Awards, nominations, honors

  • In 2012, Variety feautued Duvernay in its Women's Impact Report.
  • In June 2013, she was invited to both the director's and writer's branches of AMPAS. DuVernay was only the second black woman, following Kasi Lemmons, to be invited to the director's branch.
  • Duvernay became the inaugural recipient of the Tribeca Film Institute's Heineken Affinity Award, receiving a $20,000 prize and industry support for future projects. DuVernay donated all the money to the black arthouse film collective she founded known as AFFRM.
  • In June 2015, Duvernay will be honored as part of Women in Film Crystal + Lucy Awards with the Dorothy Arzner Directors Award.
  • In April 2015 DuVernay was chosen as one of Mattel's "Sheros" of 2015. As such a custom-made one-of-a-kind Barbie in DuVernay's likeness was produced. The doll was auctioned off with the proceeds given to charity. Due to high demand, a collectible version of the doll was produced and sold in December of that year.
  • In 2017, DuVernay became the first black woman nominated for an Oscar for Best Documentary Feature, which she was nominated for her film 13th.
  • DuVernay Test

    The DuVernay Test is the race equivalent of the Bechdel Test (for women in movies), as suggested by New York Times film critic, Manohla Dargis, in early 2016. It aims to point out the lack of people of color in Hollywood movies, through a measure of their importance to a particular movie or the lack of a gratuitous link to white actors. It is named for African-American film director Ava DuVernay.
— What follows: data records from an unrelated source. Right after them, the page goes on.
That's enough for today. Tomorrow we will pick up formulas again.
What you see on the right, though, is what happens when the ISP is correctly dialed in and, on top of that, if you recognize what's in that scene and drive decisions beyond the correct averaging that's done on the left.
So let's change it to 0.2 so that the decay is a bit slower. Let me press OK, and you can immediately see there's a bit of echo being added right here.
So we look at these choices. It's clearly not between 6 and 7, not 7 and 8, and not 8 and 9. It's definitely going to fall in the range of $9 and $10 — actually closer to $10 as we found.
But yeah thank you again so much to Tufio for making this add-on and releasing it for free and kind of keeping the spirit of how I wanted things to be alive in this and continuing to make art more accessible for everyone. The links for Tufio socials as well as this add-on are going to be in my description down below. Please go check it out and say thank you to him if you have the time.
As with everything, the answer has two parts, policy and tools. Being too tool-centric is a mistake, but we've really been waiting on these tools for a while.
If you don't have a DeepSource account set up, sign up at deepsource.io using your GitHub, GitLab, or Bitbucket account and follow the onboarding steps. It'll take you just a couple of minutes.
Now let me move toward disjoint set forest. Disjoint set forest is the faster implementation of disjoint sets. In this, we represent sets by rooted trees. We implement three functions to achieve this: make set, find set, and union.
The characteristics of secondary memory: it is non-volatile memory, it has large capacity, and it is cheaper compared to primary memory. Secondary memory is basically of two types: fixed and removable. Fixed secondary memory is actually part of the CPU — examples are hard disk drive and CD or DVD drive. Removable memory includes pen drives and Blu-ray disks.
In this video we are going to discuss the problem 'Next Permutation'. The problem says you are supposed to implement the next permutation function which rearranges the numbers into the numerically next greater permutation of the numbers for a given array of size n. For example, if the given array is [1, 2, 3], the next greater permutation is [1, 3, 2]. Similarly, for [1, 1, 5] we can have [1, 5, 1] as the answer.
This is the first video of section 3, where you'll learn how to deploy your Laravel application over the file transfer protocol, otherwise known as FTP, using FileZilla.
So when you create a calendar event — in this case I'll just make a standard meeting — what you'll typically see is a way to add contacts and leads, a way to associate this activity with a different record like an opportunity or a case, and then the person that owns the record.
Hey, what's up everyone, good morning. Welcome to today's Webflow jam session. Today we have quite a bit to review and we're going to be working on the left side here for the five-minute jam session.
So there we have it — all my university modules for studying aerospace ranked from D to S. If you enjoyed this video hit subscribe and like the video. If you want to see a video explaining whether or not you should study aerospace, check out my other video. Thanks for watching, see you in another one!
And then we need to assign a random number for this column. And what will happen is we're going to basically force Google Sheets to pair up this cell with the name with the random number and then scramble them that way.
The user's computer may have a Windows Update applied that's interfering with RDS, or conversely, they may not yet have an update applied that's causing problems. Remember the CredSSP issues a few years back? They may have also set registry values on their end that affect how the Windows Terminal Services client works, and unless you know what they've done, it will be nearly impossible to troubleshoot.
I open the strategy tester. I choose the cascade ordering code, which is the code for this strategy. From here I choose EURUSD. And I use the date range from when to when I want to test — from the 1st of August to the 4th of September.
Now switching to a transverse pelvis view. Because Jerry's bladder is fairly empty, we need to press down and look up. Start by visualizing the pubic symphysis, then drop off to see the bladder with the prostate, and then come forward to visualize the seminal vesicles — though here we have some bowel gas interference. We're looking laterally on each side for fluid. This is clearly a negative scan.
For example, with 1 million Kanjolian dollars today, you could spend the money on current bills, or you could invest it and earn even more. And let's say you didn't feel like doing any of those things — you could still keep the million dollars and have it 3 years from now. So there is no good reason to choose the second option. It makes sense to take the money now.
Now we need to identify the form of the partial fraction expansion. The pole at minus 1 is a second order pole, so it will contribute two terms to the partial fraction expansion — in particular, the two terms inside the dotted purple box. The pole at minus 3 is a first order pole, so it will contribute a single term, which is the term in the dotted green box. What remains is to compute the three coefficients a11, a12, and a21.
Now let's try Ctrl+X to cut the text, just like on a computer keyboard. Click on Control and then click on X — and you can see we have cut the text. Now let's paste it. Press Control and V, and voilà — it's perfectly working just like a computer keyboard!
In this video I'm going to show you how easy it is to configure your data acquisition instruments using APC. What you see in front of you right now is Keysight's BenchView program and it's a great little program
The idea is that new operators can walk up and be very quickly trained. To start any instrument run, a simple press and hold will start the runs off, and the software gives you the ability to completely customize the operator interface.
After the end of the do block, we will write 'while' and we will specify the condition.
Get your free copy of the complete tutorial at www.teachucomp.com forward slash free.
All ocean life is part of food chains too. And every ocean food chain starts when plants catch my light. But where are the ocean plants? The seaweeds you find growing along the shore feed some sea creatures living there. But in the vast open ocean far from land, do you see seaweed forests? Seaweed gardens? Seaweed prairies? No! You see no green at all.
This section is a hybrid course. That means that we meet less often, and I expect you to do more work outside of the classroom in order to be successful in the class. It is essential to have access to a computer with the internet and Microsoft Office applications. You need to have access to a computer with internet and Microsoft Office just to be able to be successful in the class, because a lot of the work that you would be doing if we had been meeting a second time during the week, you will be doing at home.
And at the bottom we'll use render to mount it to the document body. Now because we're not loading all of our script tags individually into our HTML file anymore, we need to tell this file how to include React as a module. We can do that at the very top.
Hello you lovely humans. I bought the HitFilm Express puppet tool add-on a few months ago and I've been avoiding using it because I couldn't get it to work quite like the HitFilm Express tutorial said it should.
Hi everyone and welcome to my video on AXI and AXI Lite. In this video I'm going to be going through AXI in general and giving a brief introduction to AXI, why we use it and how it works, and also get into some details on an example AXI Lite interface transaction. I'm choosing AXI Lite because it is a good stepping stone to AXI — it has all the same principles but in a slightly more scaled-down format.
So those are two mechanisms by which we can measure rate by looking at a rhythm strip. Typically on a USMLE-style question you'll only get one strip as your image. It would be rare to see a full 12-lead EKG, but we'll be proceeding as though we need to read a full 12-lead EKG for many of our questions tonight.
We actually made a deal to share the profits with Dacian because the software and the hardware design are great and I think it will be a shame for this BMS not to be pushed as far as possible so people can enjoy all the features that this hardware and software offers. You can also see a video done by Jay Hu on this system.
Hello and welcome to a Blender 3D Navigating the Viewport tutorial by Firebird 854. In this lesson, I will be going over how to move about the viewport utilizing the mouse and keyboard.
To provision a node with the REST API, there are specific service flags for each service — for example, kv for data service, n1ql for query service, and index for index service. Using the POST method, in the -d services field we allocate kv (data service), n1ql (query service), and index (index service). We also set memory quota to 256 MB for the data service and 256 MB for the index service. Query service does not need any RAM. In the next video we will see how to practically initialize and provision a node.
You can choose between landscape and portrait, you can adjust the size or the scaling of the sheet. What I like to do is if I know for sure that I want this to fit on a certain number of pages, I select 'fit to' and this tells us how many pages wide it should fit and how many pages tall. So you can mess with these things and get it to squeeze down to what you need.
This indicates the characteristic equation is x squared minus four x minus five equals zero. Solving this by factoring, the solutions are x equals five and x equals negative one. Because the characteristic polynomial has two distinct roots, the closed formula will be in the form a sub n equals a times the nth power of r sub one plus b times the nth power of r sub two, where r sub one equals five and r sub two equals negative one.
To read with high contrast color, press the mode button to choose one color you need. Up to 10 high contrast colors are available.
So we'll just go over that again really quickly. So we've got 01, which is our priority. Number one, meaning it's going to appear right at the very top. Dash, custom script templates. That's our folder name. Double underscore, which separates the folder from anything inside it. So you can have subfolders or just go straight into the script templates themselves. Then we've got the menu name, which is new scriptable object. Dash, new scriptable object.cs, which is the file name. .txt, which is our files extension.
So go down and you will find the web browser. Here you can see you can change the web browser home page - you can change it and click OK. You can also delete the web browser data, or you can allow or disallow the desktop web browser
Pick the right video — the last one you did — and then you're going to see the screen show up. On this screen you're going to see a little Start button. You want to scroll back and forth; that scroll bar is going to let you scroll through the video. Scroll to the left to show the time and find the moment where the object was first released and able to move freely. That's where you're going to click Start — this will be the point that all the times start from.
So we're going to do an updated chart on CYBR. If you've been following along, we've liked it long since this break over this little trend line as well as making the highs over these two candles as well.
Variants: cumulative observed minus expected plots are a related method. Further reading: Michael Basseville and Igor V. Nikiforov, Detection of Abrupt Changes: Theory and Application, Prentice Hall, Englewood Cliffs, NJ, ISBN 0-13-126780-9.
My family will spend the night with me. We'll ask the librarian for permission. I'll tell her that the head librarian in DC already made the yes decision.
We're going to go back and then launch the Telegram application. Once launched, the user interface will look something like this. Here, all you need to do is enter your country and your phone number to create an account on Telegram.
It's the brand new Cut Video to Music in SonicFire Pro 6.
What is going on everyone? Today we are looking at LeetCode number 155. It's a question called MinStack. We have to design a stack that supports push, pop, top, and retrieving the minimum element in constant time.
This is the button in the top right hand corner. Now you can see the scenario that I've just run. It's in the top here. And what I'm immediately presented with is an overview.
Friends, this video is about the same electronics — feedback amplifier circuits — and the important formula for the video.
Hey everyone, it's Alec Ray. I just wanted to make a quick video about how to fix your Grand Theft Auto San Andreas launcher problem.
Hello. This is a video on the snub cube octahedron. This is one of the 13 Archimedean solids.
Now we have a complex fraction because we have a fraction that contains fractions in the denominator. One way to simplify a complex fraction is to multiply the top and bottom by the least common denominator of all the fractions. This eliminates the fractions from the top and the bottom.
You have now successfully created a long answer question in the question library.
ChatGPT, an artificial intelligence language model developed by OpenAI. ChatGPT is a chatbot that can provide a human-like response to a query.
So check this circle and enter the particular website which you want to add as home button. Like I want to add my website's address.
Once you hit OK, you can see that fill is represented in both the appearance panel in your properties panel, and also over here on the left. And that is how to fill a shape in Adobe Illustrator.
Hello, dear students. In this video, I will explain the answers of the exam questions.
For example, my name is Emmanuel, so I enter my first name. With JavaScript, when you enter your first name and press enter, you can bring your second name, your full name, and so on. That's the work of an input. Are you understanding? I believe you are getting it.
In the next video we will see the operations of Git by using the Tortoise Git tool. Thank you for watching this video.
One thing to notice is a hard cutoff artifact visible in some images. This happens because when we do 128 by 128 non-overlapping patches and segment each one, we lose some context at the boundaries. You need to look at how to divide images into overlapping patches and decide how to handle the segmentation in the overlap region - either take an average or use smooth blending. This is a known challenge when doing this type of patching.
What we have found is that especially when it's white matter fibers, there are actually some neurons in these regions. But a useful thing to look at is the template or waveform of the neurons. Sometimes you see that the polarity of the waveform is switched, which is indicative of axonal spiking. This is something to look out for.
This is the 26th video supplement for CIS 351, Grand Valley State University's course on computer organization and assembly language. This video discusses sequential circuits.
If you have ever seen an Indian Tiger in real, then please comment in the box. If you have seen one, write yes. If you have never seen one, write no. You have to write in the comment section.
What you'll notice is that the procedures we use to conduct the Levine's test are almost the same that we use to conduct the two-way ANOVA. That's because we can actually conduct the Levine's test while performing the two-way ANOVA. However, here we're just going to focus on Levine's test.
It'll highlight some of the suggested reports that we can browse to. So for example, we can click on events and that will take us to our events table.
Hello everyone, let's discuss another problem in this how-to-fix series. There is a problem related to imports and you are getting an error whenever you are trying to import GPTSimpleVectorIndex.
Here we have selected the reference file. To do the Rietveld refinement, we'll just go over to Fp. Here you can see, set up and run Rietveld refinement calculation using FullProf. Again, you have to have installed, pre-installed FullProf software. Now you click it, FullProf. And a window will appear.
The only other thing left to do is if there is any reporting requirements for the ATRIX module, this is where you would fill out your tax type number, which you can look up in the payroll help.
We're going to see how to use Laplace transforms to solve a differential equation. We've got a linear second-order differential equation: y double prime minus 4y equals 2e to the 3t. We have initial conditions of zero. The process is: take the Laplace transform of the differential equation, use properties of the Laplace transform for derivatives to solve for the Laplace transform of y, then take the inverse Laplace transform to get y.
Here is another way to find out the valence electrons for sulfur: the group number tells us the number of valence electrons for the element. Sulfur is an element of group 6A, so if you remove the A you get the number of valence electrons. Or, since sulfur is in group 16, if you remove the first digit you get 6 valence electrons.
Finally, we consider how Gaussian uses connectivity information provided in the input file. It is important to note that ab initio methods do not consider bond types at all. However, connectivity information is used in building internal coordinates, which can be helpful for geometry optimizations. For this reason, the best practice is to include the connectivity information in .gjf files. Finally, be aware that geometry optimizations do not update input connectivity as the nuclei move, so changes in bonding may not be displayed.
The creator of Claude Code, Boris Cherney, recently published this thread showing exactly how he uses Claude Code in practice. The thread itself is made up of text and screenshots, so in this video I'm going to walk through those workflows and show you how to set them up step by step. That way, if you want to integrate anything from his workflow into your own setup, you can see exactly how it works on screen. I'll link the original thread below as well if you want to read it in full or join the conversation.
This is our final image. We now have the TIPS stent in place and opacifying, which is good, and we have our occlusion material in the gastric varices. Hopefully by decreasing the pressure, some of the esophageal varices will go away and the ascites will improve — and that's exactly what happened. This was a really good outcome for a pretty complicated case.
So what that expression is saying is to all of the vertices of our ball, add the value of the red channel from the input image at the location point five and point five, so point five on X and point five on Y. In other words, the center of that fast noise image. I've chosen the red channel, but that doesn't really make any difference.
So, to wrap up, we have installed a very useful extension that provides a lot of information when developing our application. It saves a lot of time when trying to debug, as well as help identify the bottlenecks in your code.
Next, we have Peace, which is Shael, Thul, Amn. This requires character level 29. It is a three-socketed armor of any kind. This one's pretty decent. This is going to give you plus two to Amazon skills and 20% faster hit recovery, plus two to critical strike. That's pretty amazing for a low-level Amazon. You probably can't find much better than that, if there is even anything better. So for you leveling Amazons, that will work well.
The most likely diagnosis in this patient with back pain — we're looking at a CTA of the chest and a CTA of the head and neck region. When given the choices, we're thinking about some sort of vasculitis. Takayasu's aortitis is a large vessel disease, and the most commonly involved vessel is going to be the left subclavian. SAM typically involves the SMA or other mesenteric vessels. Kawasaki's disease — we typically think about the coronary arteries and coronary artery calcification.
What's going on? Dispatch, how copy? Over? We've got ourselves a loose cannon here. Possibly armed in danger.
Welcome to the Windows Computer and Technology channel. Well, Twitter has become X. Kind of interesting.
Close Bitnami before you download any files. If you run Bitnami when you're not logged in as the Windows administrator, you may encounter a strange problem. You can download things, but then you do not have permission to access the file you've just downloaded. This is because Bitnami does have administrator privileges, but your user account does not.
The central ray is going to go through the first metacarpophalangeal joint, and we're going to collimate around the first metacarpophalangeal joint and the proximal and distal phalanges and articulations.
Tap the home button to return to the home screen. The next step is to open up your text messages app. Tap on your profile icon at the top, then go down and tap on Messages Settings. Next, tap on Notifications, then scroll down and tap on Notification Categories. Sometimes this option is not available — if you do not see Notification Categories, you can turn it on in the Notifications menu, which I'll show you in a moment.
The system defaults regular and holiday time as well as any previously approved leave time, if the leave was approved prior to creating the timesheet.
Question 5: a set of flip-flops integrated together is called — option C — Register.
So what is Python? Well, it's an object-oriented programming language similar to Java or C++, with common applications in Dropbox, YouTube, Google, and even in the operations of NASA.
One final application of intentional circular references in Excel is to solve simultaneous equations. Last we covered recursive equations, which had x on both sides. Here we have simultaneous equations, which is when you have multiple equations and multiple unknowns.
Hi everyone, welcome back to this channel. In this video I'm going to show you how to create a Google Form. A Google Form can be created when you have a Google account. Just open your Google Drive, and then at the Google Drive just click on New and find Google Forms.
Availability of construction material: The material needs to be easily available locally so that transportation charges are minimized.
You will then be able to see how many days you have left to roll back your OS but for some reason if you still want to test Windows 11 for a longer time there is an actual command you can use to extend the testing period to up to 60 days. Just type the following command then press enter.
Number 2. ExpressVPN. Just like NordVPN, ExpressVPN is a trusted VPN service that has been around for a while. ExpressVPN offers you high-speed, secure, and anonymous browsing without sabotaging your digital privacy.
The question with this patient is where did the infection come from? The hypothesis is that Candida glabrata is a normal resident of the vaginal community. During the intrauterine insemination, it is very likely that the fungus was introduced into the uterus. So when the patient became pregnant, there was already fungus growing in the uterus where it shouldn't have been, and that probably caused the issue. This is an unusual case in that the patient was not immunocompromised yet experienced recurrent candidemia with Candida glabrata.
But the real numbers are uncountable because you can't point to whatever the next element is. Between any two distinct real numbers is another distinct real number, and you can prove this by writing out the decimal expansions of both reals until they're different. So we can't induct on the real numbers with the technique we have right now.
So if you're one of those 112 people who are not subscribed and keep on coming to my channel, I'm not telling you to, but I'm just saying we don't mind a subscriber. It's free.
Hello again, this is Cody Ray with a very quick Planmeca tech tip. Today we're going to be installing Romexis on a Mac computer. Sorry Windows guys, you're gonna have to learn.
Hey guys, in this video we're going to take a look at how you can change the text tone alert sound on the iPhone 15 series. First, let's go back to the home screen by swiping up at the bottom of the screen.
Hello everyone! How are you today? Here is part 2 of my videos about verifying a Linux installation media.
    Nadia Latif and Leila Latif of The Guardian have suggested a series of five questions:

  • Are there two named characters of color?
  • Do they have dialogue?
  • Are they not romantically involved with one another?
  • Do they have any dialogue that isn’t comforting or supporting a white character?
  • Is one of them definitely not magic?
  • A simplified version by Nikesh Shukla proposed a Bechdel-type test: “Two main characters who are people of color talk to each other without mentioning their race.”